═════ Input material
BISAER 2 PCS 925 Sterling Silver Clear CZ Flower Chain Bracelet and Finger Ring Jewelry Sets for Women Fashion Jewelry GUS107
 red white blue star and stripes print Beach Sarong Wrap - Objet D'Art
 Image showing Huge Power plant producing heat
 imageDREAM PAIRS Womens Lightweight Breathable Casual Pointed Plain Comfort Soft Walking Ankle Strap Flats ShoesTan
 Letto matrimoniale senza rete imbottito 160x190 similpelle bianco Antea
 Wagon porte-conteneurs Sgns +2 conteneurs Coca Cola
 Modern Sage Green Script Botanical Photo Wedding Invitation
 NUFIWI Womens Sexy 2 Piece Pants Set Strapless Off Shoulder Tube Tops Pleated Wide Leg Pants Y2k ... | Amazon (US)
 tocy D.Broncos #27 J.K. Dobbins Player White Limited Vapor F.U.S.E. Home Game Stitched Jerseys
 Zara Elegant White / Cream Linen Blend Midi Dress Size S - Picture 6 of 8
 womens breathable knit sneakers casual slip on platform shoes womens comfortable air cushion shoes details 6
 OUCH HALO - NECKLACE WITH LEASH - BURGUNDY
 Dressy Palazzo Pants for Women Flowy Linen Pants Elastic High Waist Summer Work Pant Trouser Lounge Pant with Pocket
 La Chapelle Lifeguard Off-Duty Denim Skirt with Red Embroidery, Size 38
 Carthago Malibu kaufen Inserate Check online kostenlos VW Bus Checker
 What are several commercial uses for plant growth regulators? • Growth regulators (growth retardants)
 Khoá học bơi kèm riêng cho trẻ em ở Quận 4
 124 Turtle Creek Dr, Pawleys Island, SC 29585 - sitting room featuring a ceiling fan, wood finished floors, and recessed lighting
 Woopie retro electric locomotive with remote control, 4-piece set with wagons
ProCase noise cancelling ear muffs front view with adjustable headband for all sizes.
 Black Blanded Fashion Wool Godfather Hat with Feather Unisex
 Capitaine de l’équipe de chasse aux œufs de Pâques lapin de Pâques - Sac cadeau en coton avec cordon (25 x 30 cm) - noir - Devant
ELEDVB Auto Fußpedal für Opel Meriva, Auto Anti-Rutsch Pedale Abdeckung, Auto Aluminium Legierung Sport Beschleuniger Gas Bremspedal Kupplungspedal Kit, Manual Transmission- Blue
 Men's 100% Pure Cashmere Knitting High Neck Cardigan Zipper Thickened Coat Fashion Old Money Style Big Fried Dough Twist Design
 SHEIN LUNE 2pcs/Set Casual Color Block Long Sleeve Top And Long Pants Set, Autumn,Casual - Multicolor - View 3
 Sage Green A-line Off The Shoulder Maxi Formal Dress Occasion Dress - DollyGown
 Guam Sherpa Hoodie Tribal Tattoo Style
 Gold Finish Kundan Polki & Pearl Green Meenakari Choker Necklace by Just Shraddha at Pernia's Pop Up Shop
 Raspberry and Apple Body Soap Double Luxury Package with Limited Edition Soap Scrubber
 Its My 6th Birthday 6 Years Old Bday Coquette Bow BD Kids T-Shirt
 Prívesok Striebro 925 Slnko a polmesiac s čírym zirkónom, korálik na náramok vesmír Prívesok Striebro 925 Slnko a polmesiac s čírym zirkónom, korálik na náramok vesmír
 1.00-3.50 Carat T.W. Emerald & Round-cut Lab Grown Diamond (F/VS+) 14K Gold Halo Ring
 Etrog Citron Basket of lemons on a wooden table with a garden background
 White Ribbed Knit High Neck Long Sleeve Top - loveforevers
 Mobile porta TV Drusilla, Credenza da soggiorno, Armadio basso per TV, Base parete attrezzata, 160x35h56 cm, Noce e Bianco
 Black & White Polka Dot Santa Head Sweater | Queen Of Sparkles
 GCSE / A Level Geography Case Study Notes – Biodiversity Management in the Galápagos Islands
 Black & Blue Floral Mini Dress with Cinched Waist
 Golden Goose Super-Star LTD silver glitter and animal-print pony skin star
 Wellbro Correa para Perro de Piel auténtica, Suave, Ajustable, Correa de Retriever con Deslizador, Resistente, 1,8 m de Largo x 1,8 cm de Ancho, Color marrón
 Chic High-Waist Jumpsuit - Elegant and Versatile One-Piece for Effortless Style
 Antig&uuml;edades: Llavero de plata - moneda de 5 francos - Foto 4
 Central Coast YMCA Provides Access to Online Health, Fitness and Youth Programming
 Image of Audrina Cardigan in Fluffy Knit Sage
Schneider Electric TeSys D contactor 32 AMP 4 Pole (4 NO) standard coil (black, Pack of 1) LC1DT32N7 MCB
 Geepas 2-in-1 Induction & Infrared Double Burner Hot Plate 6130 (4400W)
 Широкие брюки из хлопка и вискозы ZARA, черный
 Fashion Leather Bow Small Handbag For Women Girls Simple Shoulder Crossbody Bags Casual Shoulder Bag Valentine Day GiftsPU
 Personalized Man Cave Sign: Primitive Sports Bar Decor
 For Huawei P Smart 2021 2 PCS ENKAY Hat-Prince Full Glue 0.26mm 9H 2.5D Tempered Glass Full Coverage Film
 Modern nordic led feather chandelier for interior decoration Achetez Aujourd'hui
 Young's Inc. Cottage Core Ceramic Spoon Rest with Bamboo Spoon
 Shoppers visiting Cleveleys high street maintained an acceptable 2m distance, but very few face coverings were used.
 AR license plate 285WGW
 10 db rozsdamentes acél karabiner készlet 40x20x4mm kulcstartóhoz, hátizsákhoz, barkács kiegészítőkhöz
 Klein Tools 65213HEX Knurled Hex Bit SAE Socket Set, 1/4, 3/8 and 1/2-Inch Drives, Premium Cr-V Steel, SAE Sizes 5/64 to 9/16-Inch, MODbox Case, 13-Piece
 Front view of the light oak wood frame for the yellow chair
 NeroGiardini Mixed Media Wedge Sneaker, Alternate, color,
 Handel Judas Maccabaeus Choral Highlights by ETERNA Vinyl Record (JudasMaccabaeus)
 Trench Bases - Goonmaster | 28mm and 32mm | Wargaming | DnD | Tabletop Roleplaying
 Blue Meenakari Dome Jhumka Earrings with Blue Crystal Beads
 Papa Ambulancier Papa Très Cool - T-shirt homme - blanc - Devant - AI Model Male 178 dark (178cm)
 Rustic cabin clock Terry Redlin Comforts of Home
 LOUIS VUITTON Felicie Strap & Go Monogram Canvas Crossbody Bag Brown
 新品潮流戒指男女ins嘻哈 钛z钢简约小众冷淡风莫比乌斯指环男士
══════════
◆ **Directions**
Quote the listing above, but only from the line that shows "124 Turtle Creek" through the line that shows "Men's 100% Pure".

◆ **Exercise response**
 124 Turtle Creek Dr, Pawleys Island, SC 29585 - sitting room featuring a ceiling fan, wood finished floors, and recessed lighting
 Woopie retro electric locomotive with remote control, 4-piece set with wagons
ProCase noise cancelling ear muffs front view with adjustable headband for all sizes.
 Black Blanded Fashion Wool Godfather Hat with Feather Unisex
 Capitaine de l’équipe de chasse aux œufs de Pâques lapin de Pâques - Sac cadeau en coton avec cordon (25 x 30 cm) - noir - Devant
ELEDVB Auto Fußpedal für Opel Meriva, Auto Anti-Rutsch Pedale Abdeckung, Auto Aluminium Legierung Sport Beschleuniger Gas Bremspedal Kupplungspedal Kit, Manual Transmission- Blue
 Men's 100% Pure Cashmere Knitting High Neck Cardigan Zipper Thickened Coat Fashion Old Money Style Big Fried Dough Twist Design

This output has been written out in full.